Query federation example

Let’s see how querying using Internal SPARQL federation works with our university database example.

  1. Create a new, empty RDF repository called university-rdf.

  2. From the ontop_repo virtual repository with university data, insert some data in the new, empty university-rdf repository: teachers with first name and last name that give courses that are not held at university2:

    PREFIX voc: <http://example.org/voc#>
    PREFIX foaf: <http://xmlns.com/foaf/0.1/>
    
    INSERT {
        ?person a voc:UniversityTeacher;
                voc:firstName ?firstName;
                voc:lastName ?lastName .
    } WHERE {
        SERVICE <repository:my_repo> {
            SELECT DISTINCT ?person ?firstName ?lastName {
                ?person foaf:firstName ?firstName ;
                        foaf:lastName ?lastName ;
                        voc:teaches [ voc:isGivenAt ?institution ]
                FILTER(?institution != <http://example.org/voc#uni2/university>)
            }
        }
    }
    
  3. To observe the results, again in the university-rdf repository, execute the following query that will return the teachers that were inserted with their first and last name:

    PREFIX voc: <http://example.org/voc#>
    
    SELECT * {
        ?teacherId a voc:UniversityTeacher;
            voc:firstName ?firstName;
            voc:lastName ?lastName;
    }
    

    Result:

    _images/ontop-federation-query2.png
  4. Then:

  • get the teachers from the virtual repository that teach courses in an institution that is not university2

  • merge the result of that with the RDF repository by getting the firstName and lastName of those teachers

  • the IDs of the teachers are the common property for both repositories which makes the selection possible. For the purposes of our demonstration, this query filters them by firstName that contains the letter “a”.

    PREFIX voc: <http://example.org/voc#>
    
    SELECT * {
        SERVICE <repository:ontop_repo> {
            ?teacherId voc:teaches [ voc:isGivenAt ?institution] .
            FILTER (?institution != "http://example.org/voc#uni2/university")
        }
        ?teacherId voc:firstName ?firstName;
                   voc:lastName ?lastName
        FILTER (regex(?firstName, "a"))
    }
    

    Result:

    _images/ontop-federation-query3.png

Limitations

Data virtualization also comes with certain limitations due to the distributed nature of the data. In this sense, it works best for information that requires little or no integration.
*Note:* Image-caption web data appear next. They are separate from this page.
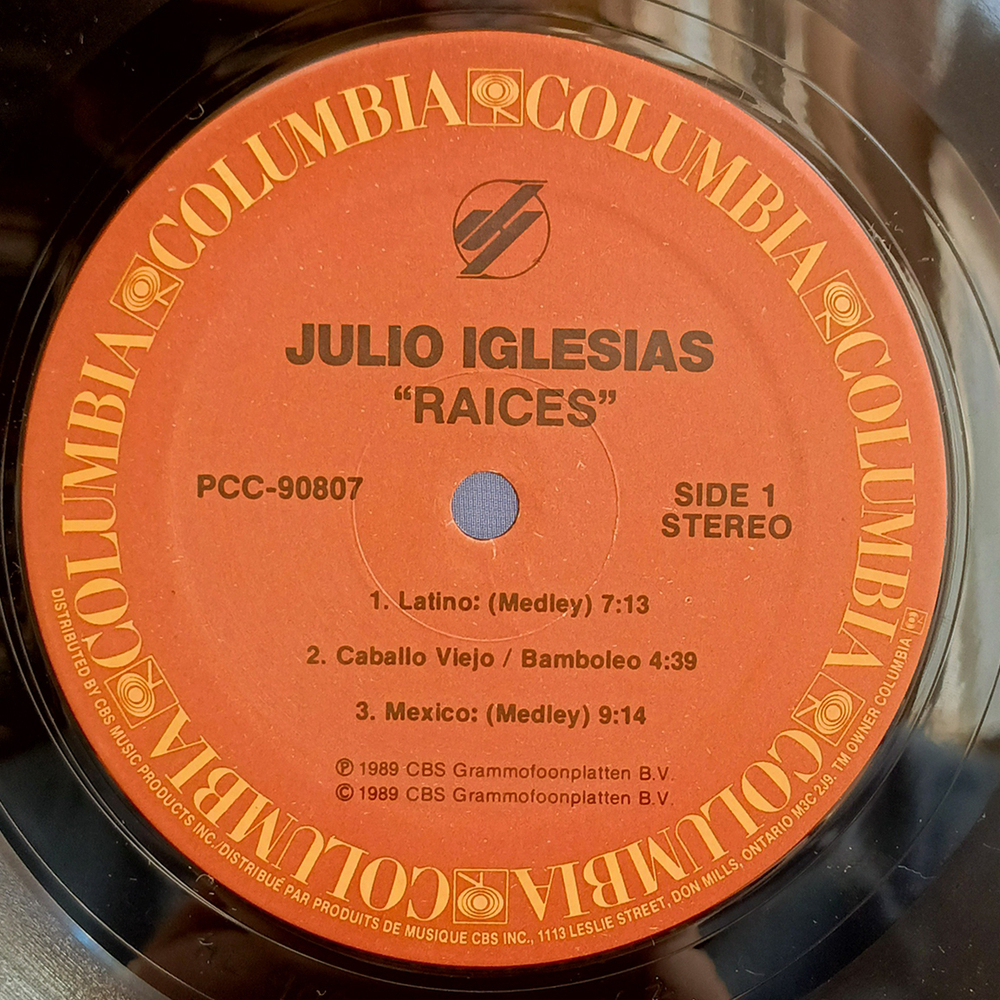 Julio Iglesias / Raices (LP)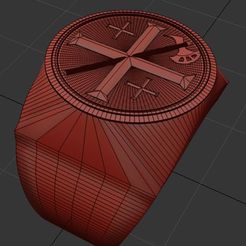 Screenshot_3.jpg STL file Ring and medallion・3D print model to download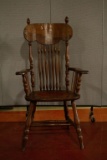 Victorian Leather Bottom Chair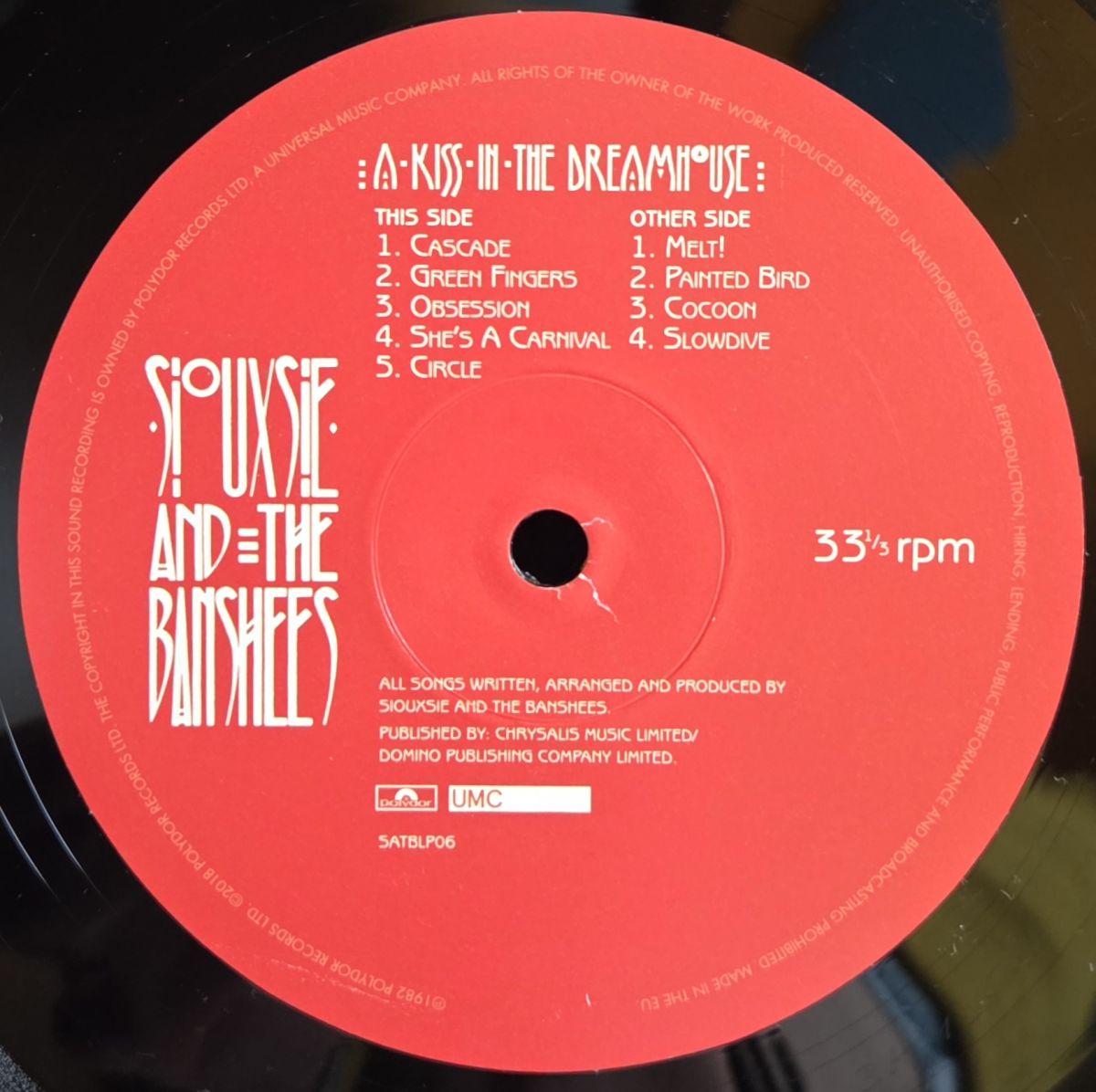 A kiss in the dreamhouse - SIOUXSIE AND THE BANSHEES Płyta winylowa LP - Vinylhouse - sklep z muzyką na płytach winylowych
For instance, if in databases X and Y, we have two instances of the person John Smith, which do not share a unique key or other exact match attributes like “John Smith” and “John E. Smith”, it will be quite inefficient to match the records at runtime.

The virtual repository has the following specifics:

  • it is read-only, meaning that write operations cannot be executed in it;

  • COUNT queries cannot be executed;

  • sameAs is disabled;

  • running an Alpine Linux Based Docker GraphDB with DuckDB Driver will result in a Runtime Exception;

  • GraphDB explain plan is not available;

  • Named graphs are not supported and will be ignored if used (as illustrated by the example queries below);

    SELECT * from <some_graph> WHERE {
        ?s ?p ?o .
    }
    

    to

    SELECT * WHERE {
        ?s ?p ?o .
    }
    

One potential drawback is also the type of supported queries. If the underlying storage has no indexes, it will be slow to answer queries such as “tell me how resource X connects to resource Y”.

The number of stacked data sources also significantly affects the efficiency of data retrieval.

Lastly, it is not possible to efficiently perform auto-suggest/auto-complete type of indexes nor graph traversals or inferencing.